Criação… – por Sérgio Lamarão Pereira
Todo o gesto de criação, todo o olhar e pensar para além de… é, ou pode ser, claramente, um gesto de viagem. Uma procura pelo traço mais perfeito, o som mais nítido, a frase mais completa, numa busca inquieta e intranquila da nossa própria imagem, da nossa própria existência. Uma procura de mim, do outro que sou «eu» mesmo. Se por um lado somos racionais, por outro somos sensibilidade. É o complemento entre ambos e a tensão entre os mesmos que nos afeta, que condiciona o nosso quotidiano e as nossas ações.
Arte, a mais bela manifestação do Homem. Intelectualidade e sensibilidade no seu grau mais elevado. Imitação, criação pura e abstrata, beleza, sublimação, grau de abstração que nos toca profundamente. Poesia e pintura. Patamar onde o Homem deixa de lado a materialidade e executa todo um trabalho em que depende apenas do seu estado de espírito. Onde se criam outros mundos, outras realidades e outras vidas. Todo um rol de manifestações que deixam transparecer para o exterior tudo o que de mais íntimo existe no interior de cada um. Experiências de vida, beleza contemplada, frustrações, tristezas, ilusões, alegria e êxtase.
Tudo o que nos rodeia é um quadro, uma pintura, um universo cheio de mundos. É vida, é escrita. Poesia que consegue o mais elevado recolhimento. Aquele momento único que não foi preparado, aquela silhueta breve e eloquente. Aquele rosto eterno que se perpetua, a pele que une dois mundos, ambos harmoniosos.
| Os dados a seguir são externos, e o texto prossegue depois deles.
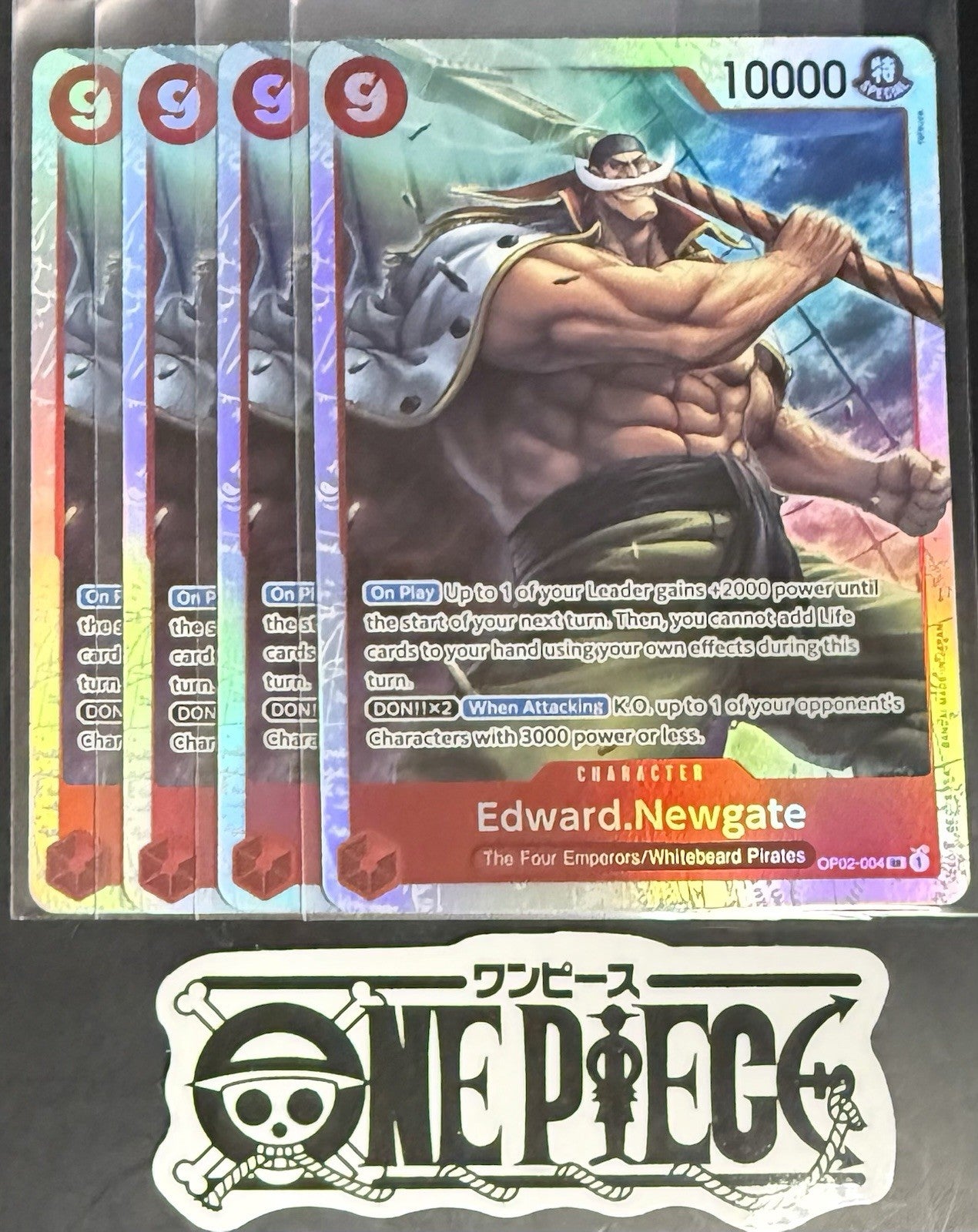 4x One Piece OP02-004 SR Edward.Newgate - ENG - Foil - Playset - TCG - NM/M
O que nos move é também a própria ideia de movimento. O movimento da Terra, a curiosidade, a procura, a vontade que nos chama num ritual constante e frenético. Todo um mecanismo intrínseco a nós próprios, como se a Terra criasse uma necessidade de procura. Esta procura que nos atira para o abismo do ser, essa música que nos toca, essa letra que nos seduz, esses juízos que se formam numa procura constante de um belo idealizado por nós próprios.
Tento criar o meu mundo, a minha representação, a minha obra de arte. Eu que me vou tentando conhecer a mim próprio, o meu complexo mundo interior debaixo de uma calma aparente. Eu que não consigo olhar para mim próprio sem a ajuda de um espelho. Eu que tento perceber cada gesto nos outros, cada olhar numa multiplicidade fragmentada de sentidos e de movimentos. É esta ociosidade dionisíaca, esta vontade de romper com o estabelecido, esta força criadora por oposição à calma, à claridade, à ordem e à proporção apolínea, que proporciona esta viagem. Esta tensão entre a liberdade humana criadora e a tirania da razão.
Quero viver, partir, explorar. Existir é partir e deixar tudo para trás, num passado que ressurgirá neste ciclo de vida. Poderá ser escrever para ninguém ler, falar para ninguém ouvir, olhar para ninguém ver. Caminhar. Com os olhos da mente seguir esta estrada que não sei onde me leva. Recusar tudo o que me ofende, tudo o que me oprime, tudo o que me fere. Viajar até onde a minha mente permitir, até onde a reflexão me levar, neste mundo, nesta vida onde me tenho apenas a mim e à minha alma.
Sou um acontecer estético neste quadro que é a vida, neste palco que é o mundo, nesta reflexão que sou eu mesmo.